According to Arthur Penn, he intended to create a "countergenre film" about a "mystery for which no solution exists or can be found."

===My Night at Maud's===
A line from Night Moves occurs when Moseby declines an invitation from his wife to see the movie My Night at Maud's (1970): "I saw a Rohmer film once. It was kinda like watching paint dry." The exchange from Night Moves was quoted in director Éric Rohmer's New York Times obituary in 2010. Arthur Penn was an admirer of Rohmer's films; Bruce Jackson has written an extended discussion of the role of My Night at Maud's in Night Moves; its protagonist and Moseby have related opportunities for infidelity, but respond differently.

== Release ==

=== Home media ===
Night Moves was released in 1992 in the U.S. as a LaserDisc and as a VHS-format videotape.
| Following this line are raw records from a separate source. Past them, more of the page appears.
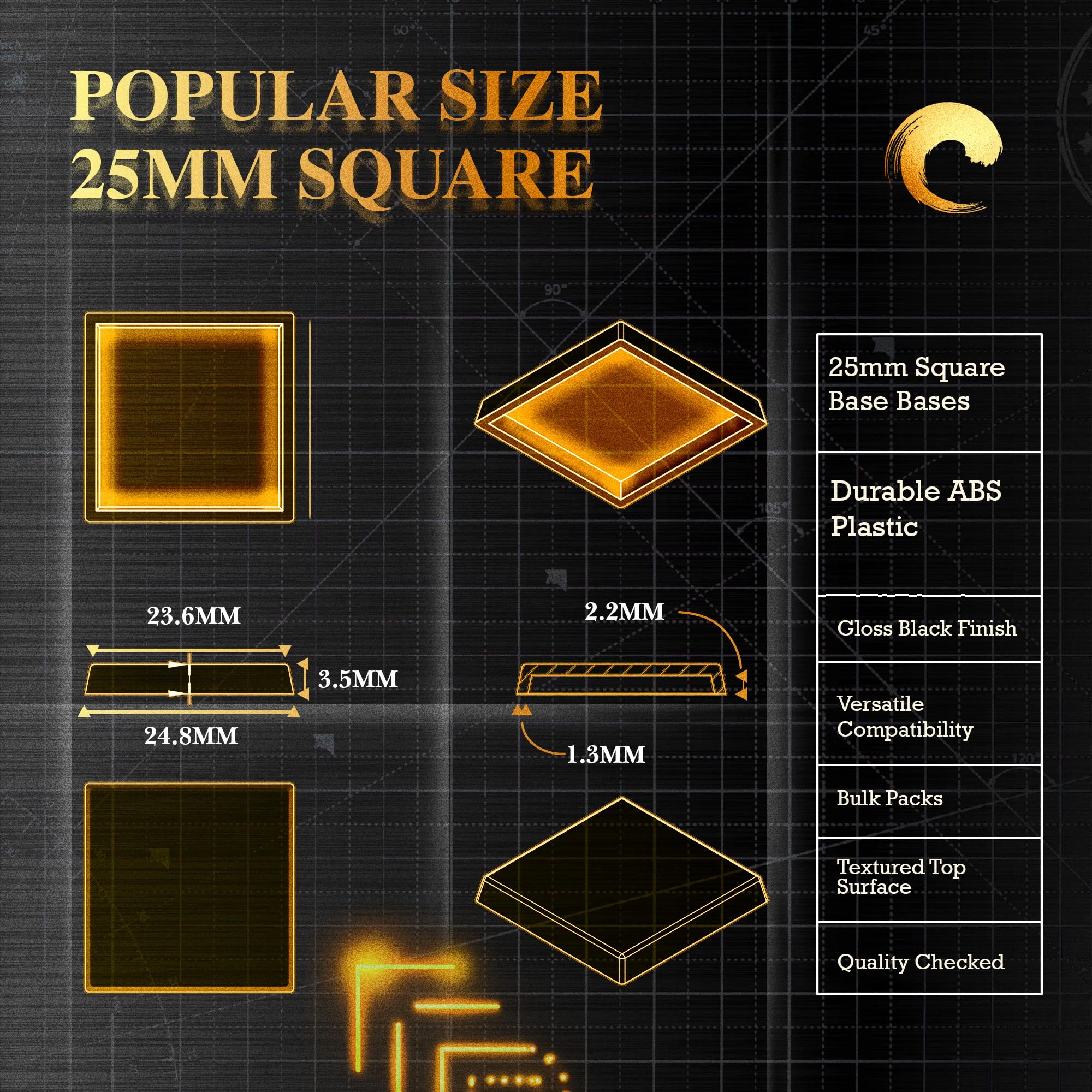 Square Wargaming Bases - 10 pcs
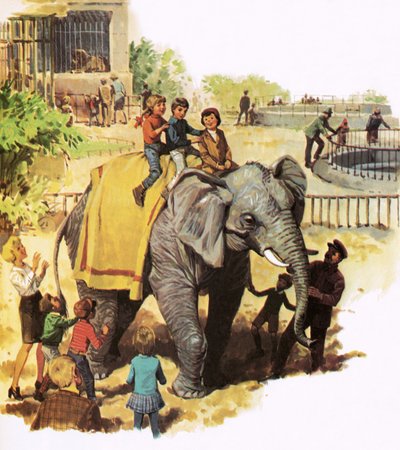 ロンドン動物園でジャンボに乗る子供たち 作： English School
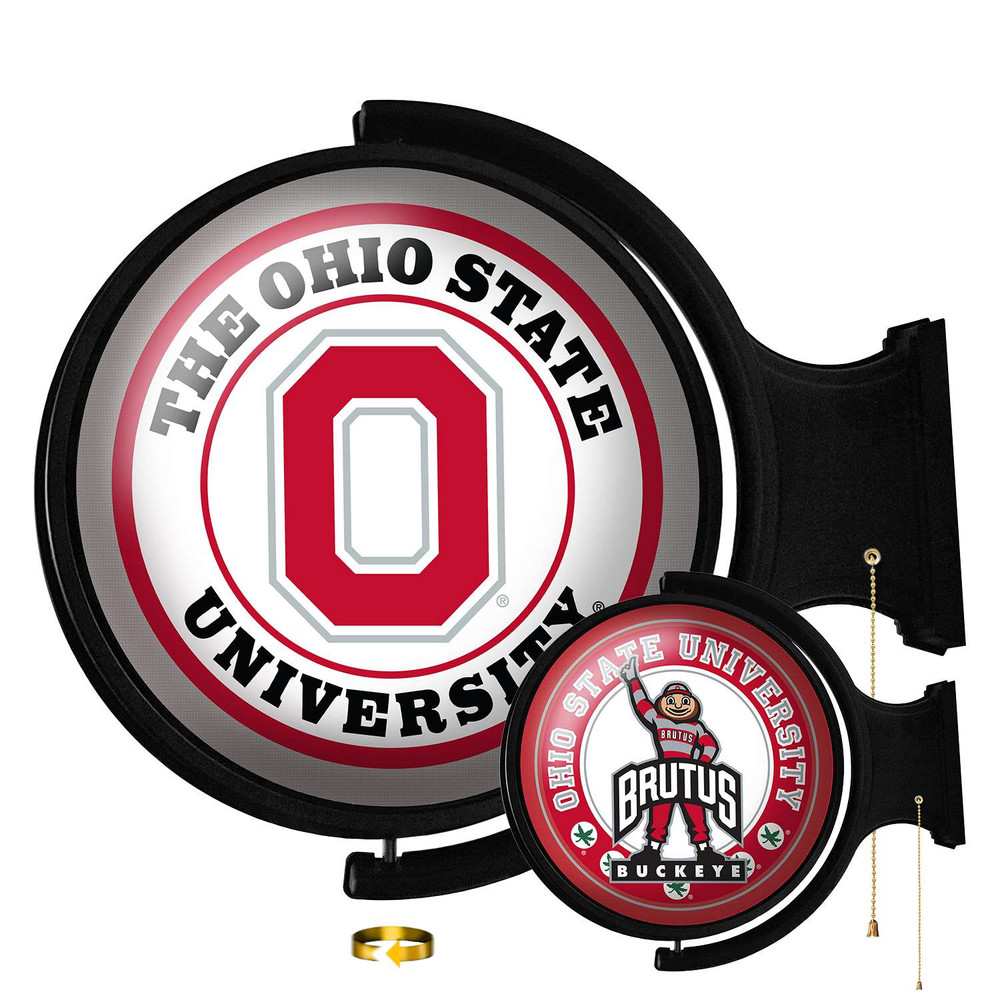 Ohio State Buckeyes Original Round Rotating Lighted Wall Sign | The Fan-Brand | NCOHST-115-03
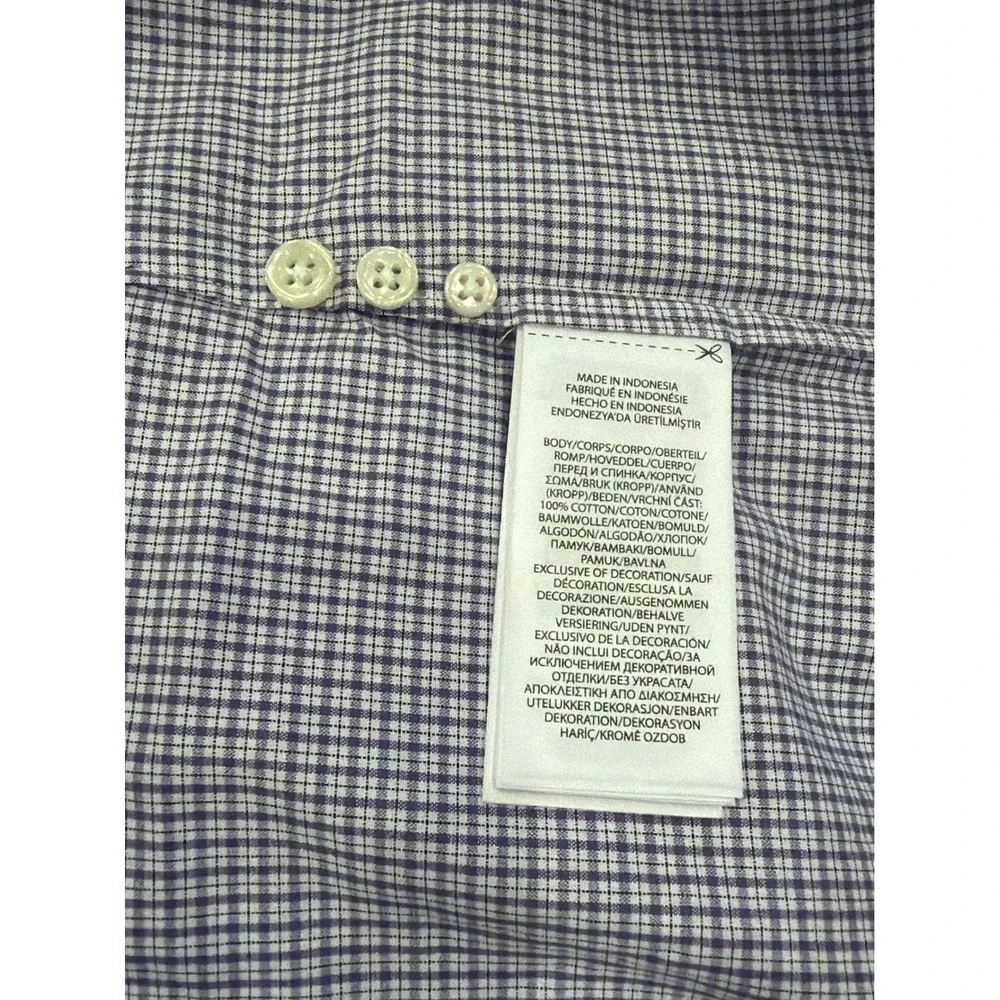 NWT Polo Ralph Lauren Button Down Mens Purple Navy Micro Check Classic Fit L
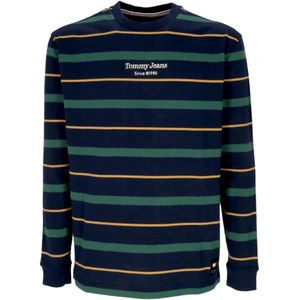 Tommy Hilfiger, Regular Stripe Longsleeve T-shirt Blauw, Heren, Maat:S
In 2005, it was released as a DVD in the U.S. and Canada (region 1). The DVD was favorably reviewed by Walter Chaw, who writes, "Shot through with grain and a certain, specific colour blanch I associate with the best movies from what I believe to be the best era in film history, Night Moves looks on Warner's DVD as good as it ever has, or, I daresay, should." A region 2 DVD was released in 2007. The film was released on Blu-ray in 2017 by Warner Archive Collection. A Criterion Collection 4k/Blu-ray edition was released on March 25, 2025.

==Reception==
===Box office===
Night Moves was not a commercial success at the time of its 1975 theatrical release.

===Critical response===
 Metacritic, which uses a weighted average, assigned the a score of 82 out of 100, based on nine critics, indicating "universal acclaim".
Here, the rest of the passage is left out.